Talk on “In My Mother’s House: Reflections on Civil War in Sri Lanka” – 06th July

Talk on “In My Mother’s House: Reflections on Civil War in Sri Lanka” – 06th July

Professor Sharika Thiranagama of Stanford University presented a  talk on “In My Mother’s House: Reflections on Civil War in Sri Lanka” at the Department of English, on 6th  July 2018 at 4.00 pm .

Drawing from a decade of research and writing on Sri Lanka, this talk will reflect upon the consequences of political violence and militarization on contemporary social landscapes. In particular, the talk will discuss post war and wartime relationships between northern Tamil and northern Muslim communities and continuing forms of ethnic polarization, purification, and potential violence in contemporary Sri Lanka.

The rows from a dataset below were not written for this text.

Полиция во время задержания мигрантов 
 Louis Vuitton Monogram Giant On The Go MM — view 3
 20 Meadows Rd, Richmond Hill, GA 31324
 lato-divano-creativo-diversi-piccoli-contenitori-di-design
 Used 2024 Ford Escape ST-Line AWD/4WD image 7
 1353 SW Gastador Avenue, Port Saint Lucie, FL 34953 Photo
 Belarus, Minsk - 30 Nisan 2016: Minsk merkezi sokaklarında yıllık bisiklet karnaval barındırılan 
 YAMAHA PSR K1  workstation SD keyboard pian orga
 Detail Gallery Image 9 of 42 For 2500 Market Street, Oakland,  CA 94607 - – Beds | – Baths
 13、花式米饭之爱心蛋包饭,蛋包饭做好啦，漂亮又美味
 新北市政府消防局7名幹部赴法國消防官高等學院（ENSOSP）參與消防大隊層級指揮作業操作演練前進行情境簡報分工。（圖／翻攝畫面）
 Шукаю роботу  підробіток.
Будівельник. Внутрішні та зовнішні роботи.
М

Sharika Thiranagama is Assistant Professor of Anthropology and the Sakurako and William Fisher Family Faculty Scholar at the School of Humanities and Sciences at Stanford University. She has written on displacement, ethnicization, militancy and civil war in Sri Lanka, focusing on both northern Tamil and Muslim experiences. Currently, her fieldwork is on the histories of emancipation and transformation in Kerala through ethnographic research with female Dalit agricultural laborers in Palakkad district.